Most news commentators on Scottish budget day will focus on capital programmes, investment, etc repeating spin over which big projects and economic sectors are to gain from the careful crafting of Barnett Formula, departmental spending limits and SNP Manifesto commitments and compromises.
Little attention will be paid to the parallel announcement that determines the livelihoods, dignity and living standards of tens of thousands of workers over the next year.
What use are new devolved tax powers if the Scottish Government are not prepared to use them to redistribute wealth from the richest to the poorest, or to invest in public services shaved to the bone by austerity driven cuts.
Last year, in demanding Fair Pay, PCS members provided testimonials to politicians on their experience of sustained below inflation pay awards, in which the average worker is now worse off in real terms than they were in 2010. Many from amongst the white collar civil servants that support Ministers told us that to make ends meet they had downsized the quality of their food and clothing shopping, given up family holidays, nights out and cars, been forced to turn down heating, stop funding repairs to their homes and cancelling pet insurance
A year on, and no real prospect of of an end to austerity pay capping, it seems even more of our members are living hand-to-mouth. There is something deeply troubling when increasing numbers of Scottish civil servants are reporting debt, reliance on food banks and in one recent case, destitution.
When Derek Mackay stands up in the Scottish Parliament to move his first draft budget as Cabinet Secretary for Finance, he will be speaking to 129 MSPs whose pay settlement for 2017 has just been agreed at a level in excess of the pay cap that public sector workers are expected to endure. As he addresses the Chamber, his officials will ping out electronic communiques of Scottish public sector pay policy for 2017-18 to the 46 employers of central government staff. This annual policy determines the envelope within which the Scottish Government, departments, agencies and non-departmental public bodies spread across Scotland will set their staff pay remits.
Whenever we as trade unionists seek to make representations on our members demands for Fair Pay, SNP government politicians and their supporters snap that these workers should be grateful for the Fair Work agenda of the Scottish Government and for their protection under the no compulsory redundancy guarantee that our union negotiated with Alex Salmond back in 2008. Yet the reality is that Fair Work cannot be abstracted from Fair Pay. Our demand is simply for dignity not drudgery.

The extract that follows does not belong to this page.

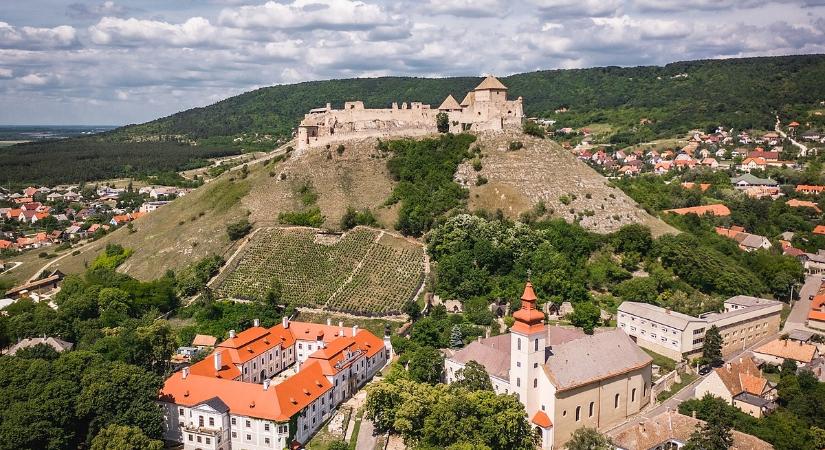 Ezeket a Balaton környéki várakat mindenképpen nézzük meg!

Austerity pay is a political choice. The Tory Chancellor, Hammond was clear in his Autumn statement about the choice he has made – public sector workers must continue to pay the price of austerity beyond 2020. Sturgeon, Mackay and their supporters fudge the issue by pretending that their hands are tied. They are not. Since the very beginning of devolution in 1999, the determination of pay policy has been devolved to the Scottish Government. Thus, 17 years on from the power and eight years under the watch of the self-declared anti-austerity party, Scottish public sector workers are right to expect a better offer from the SNP than the same old Tory austerity pay.